# TASK INSTRUCTIONS
Reproduce verbatim the line containing "Leopardenmuster-Camisole mit dünnen" and every line that follows it through the end of the entries below, omitting all pictures.
SUPPLIED RECORDS Start Marker
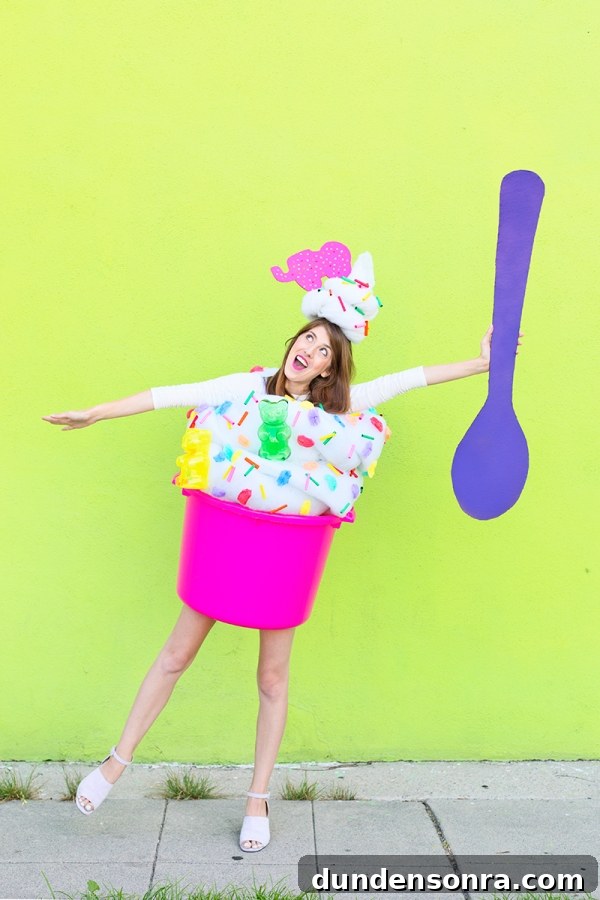 A woman dressed in a froyo costume 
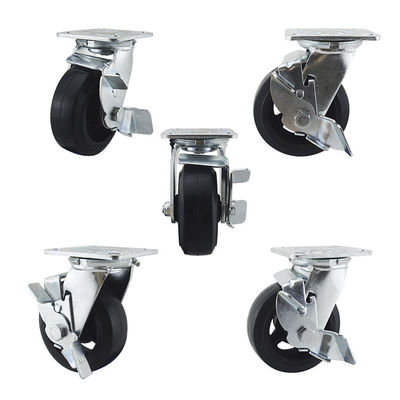 5"X2" Swivel Side Lock Iron Rubber Heavy Duty Casters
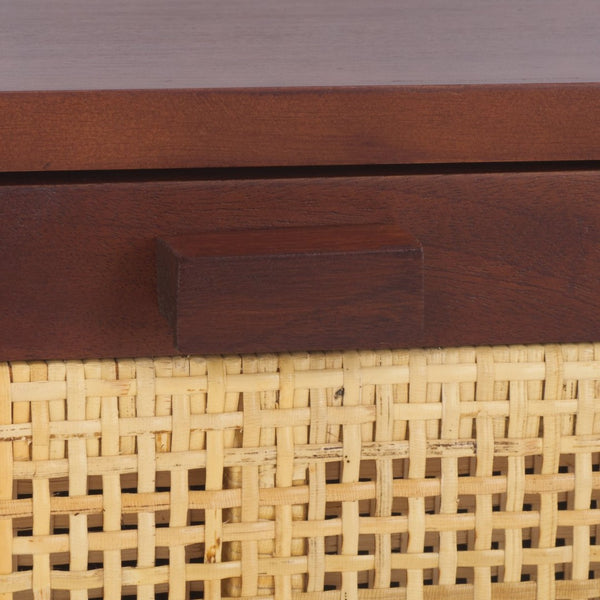 Safavieh Erica Coastal-Inspired Two-Drawer Nightstand With Elegant Rattan Details And Modern Black Legs Dark Natural / Natural NST4006D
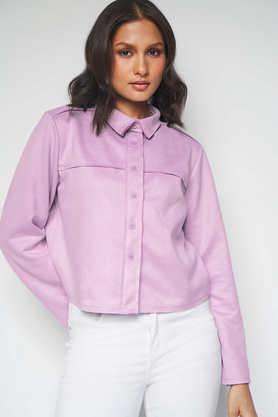 solid round neck polyester women's winter wear jacket - lilac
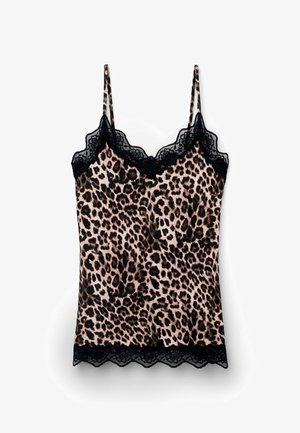 Leopardenmuster-Camisole mit dünnen Trägern und schwarzer Spitzenverzierung am Ausschnitt und Saum, flach auf weißem Hintergrund liegend.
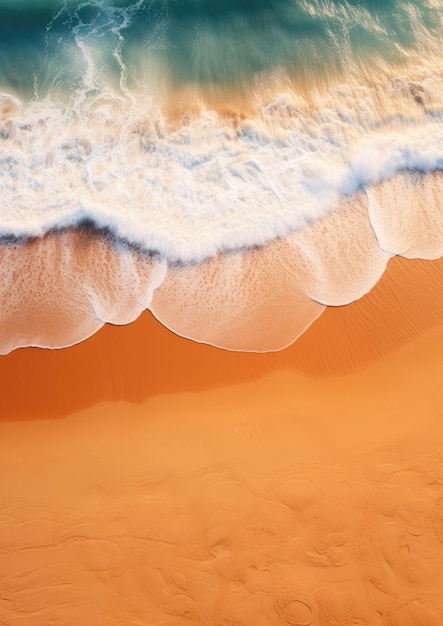 Sabbia arancione vicino ad acqua blu limpida spiaggia destinazione di viaggio carta da parati estiva aerea Generative Ai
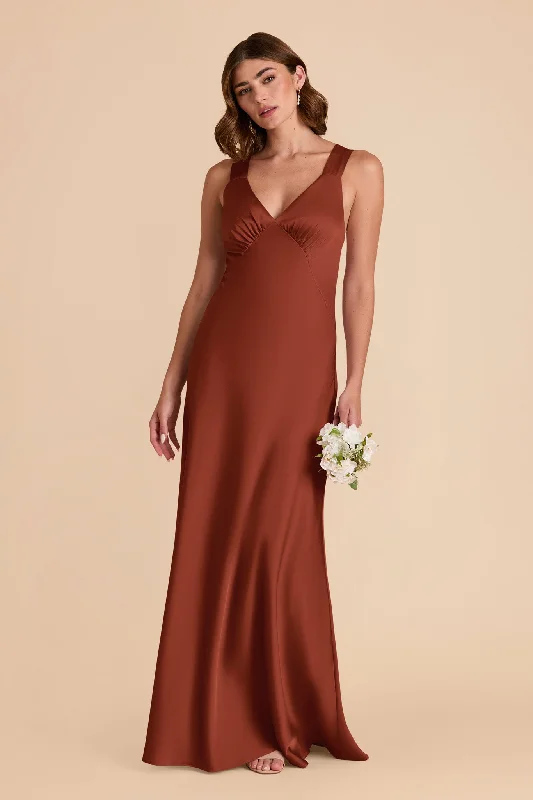 Bold and beautiful clothing for every woman   Veronica Matte Satin Dress - Auburn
SUPPLIED RECORDS End Marker
# SOLVED PROBLEM
 Leopardenmuster-Camisole mit dünnen Trägern und schwarzer Spitzenverzierung am Ausschnitt und Saum, flach auf weißem Hintergrund liegend.
 Sabbia arancione vicino ad acqua blu limpida spiaggia destinazione di viaggio carta da parati estiva aerea Generative Ai
 Bold and beautiful clothing for every woman   Veronica Matte Satin Dress - Auburn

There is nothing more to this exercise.